- EBITDA increased 17% from £5.8m in 2014 to £6.8m in 2015
- Turnover increased 11% from £46.1m to £51m
Target Group, the financial services outsourcing and software provider which announced last month that it is to be acquired by leading global information technology specialist Tech Mahindra, has reported a third consecutive year of strong growth in its annual results.
The figures from the 2015 financial year reveal EBITDA increased 17% to £6.8m while turnover reached £51m and assets under management were up to £24bn. The continued growth of the company and the backing of the Indian tech giant provides a strong platform for Target to further develop and grow the products, services and solutions it provides to clients and customers.
The growth in the past financial year was underlined by a 24% increase in the number of employees within the organisation. Target employed a further 130 people over the last 12 months, taking the total number of staff from 543 to 673. A further 250 additions to the team are set to be made over the coming months as Target is set to bring several new clients on board.
In 2015, Target entered the U.K Structured Products Market through the Hartmoor Financial brand enabling them to both design and distribute retail Structured Products, adding to their already strong pedigree in servicing. During the year, they also secured several new clients including Goldman Sachs, innovative digital affinity provider Direct Money and underpinned the launch of the new unsecured lender Bumblebee.
Ian Larkin, Co-Group CEO Target Group, said: “This is proving to be an exciting time to be involved in the Financial Services sector. Participants across the spectrum are increasingly turning to new operating models and partnerships in order to keep up with the pace of the competition. In partnering with Target, organisations get a high quality service and peace of mind when it comes to treatment of their customers.

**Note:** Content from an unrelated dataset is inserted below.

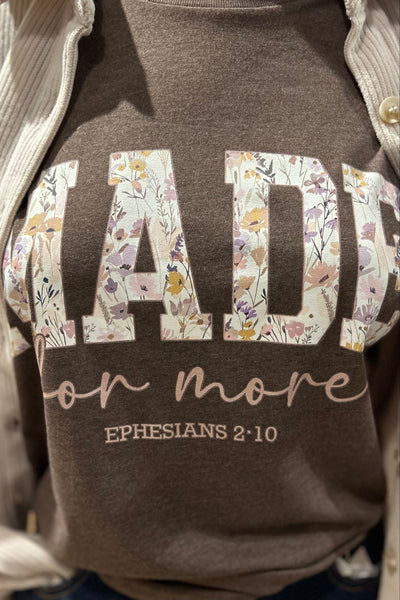 Brown shirt with floral text design and Bible verse on a person wearing a light-colored jacket.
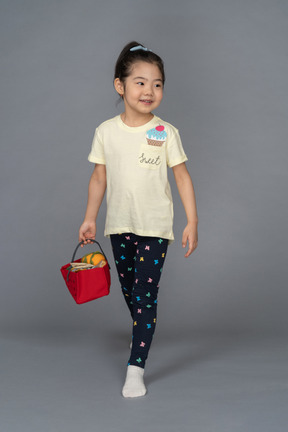 Little girl going grocery shopping with a basket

Indeed, having served more than 50 organisations across financial services, ranging from start-ups to traditional banks, we have proven we can deliver consistently to all our clients and their customers. As the industry evolves, we continue to see large growth in the demand for advice on process improvement, data analytics, and regulatory matters. As a result, our plan is to continually adapt and innovate to deliver these services at an exceptional standard.”
Bill Alley, Co-Group CEO Target Group, said: “Having such a diverse range of clients has allowed us to deliver operational excellence. By owning our own technology we are able to provide bespoke services in order to meet the requirements of our clients swiftly and more completely than many of our peers. To drive success it is increasingly important that we continue to source high quality people and equip them appropriately to succeed in this environment. The aim of our recent recruitment drive was to do just that and we expect our expansion to continue into the future.”
Steve Robertson, Group CFO Target Group, said: “Our strong financial performance over the last 3 years is ultimately down to the development and investment in our people, proprietary software and infrastructure. Target Group has taken significant steps forward this year and following the acquisition by Tech Mahindra, we are in a great position for further expansion over the next twelve months and beyond.”